A place where stories of transformation are written

One of the things I love most about being president of Fort Hays State University is that I get to hear a lot of stories from our alumni about the life-changing power of a college education and the caring, hard-working people of this amazing institution.

This week, I want to share alumnus Michael Durall’s personal story of transformation. It is a story that begins in the 1960s with a “shy, uncertain young man” who credits the people of our university with encouraging him to persist and discover the person he was meant to be.

Fort Hays Kansas State College changed my life forever

By Michael Durall, B.A. ’70

I enrolled at Fort Hays Kansas State College in the fall of 1964. At that time, tuition was $125 per semester, and many students paid in cash. I remember standing in line at the Registrar’s Office in the Coliseum to pay. I could hear the basketball team practicing on the nearby court, where the Beach/Schmidt Performing Arts Center is today.

I worked various jobs that paid $1.25 per hour. At first, I lived at home to save money. When I eventually shared an apartment, the going rate was about $30 per guy, per month. We shared one landline phone and divvied up the cost. …

I was a naïve, shy and uncertain young man. I hadn’t studied much in high school and shouldn’t have gone to college, but I just didn’t know what else to do. I flunked out my freshman year. I worked construction for about 18 months, and when I returned, most of my beer-drinking and poker-playing buddies had moved on.

I still didn’t know what I wanted to do. I changed majors a number of times, trying to find a path.

But by then, the Vietnam War was heating up, with body counts increasing daily. The civil rights and the women’s liberation movements were also gaining momentum. No one realized that the ’60s would be one of the most tumultuous eras in American history. …

I remember a silent anti-war vigil on the corner of 12th and Main on a Saturday morning, led by a number of local clergy.

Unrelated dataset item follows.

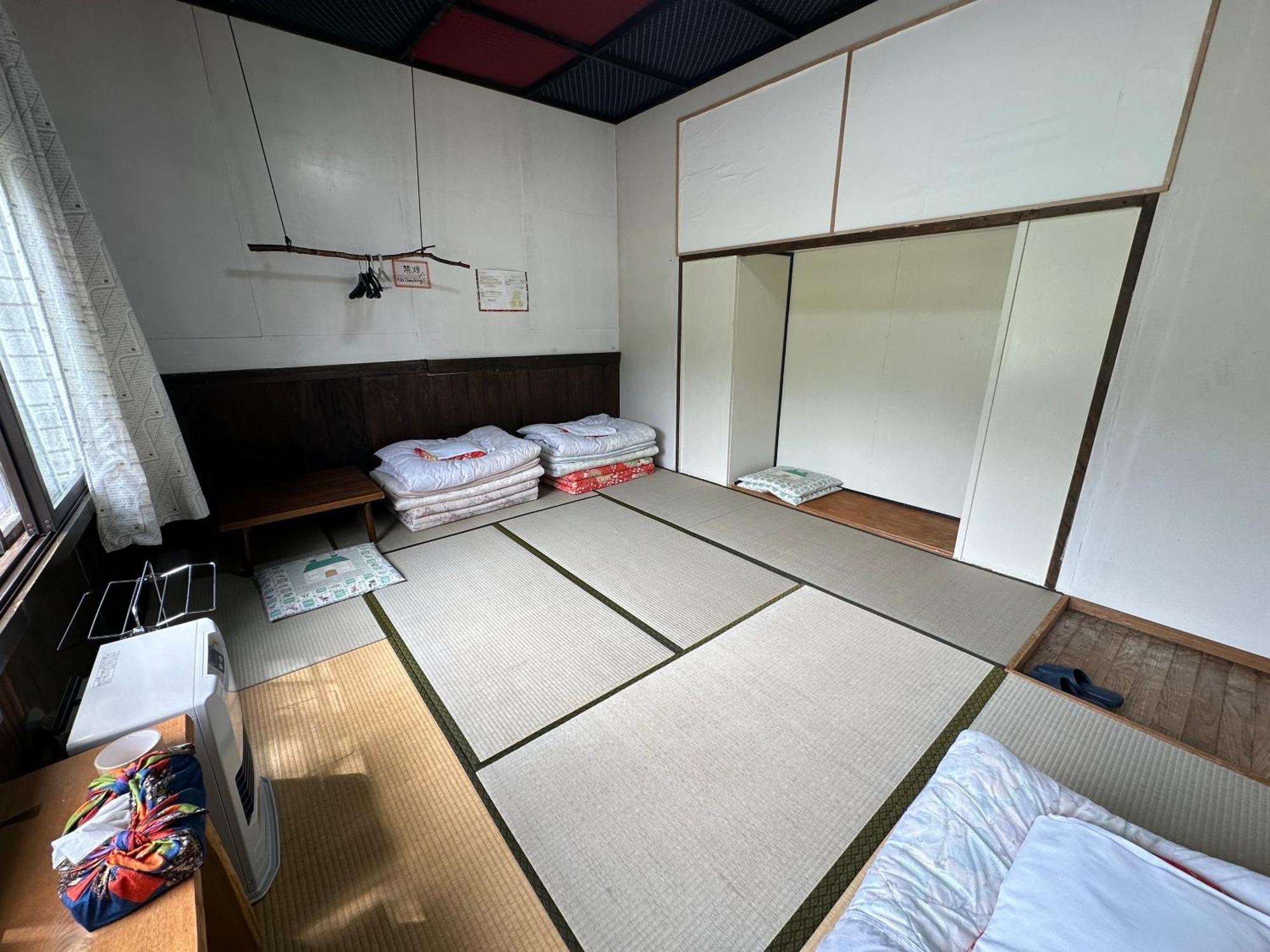 Boken Kazoku Hostel Kutchan Kamer foto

They stood silently for an hour while police with sniper rifles were on the roof of the bank building across the street. Things like that weren’t supposed to happen  in Hays, Kansas. A poll revealed that about 60 percent of Americans believed the National Guard did the right thing by killing four unarmed students at Kent State.

The once peaceful world I knew evaporated forever, lost in an alarming, unpredictable, and surrealistic turn of events. …

Amidst this turbulence, one seemingly innocuous event at Fort Hays State remains etched in my memory. It falls into the category of late-night conversations that many college students remember as life altering, more than anything they learned academically.

I was a student in the late Bob Lowen’s journalism class. I was seated next to a married female student who was a few years older than I. By any imaginable calculation, she was out of my league. She told me she had gotten straight A’s, then added, “It’s not so much my grades that are important. Rather, I’m becoming a person who is increasingly interested in the world and the people who inhabit it.”

I felt like I had been struck by lightning. This was the person I wanted to be. I began to take my education more seriously. I looked at my professors in a new light, and realized how much time, effort and skill was required to teach effectively at the college level. Being an English major, I was exposed to the world’s great literature. In art history classes, the late John Thorns opened a visual world of art and sculpture that I hadn’t known even existed.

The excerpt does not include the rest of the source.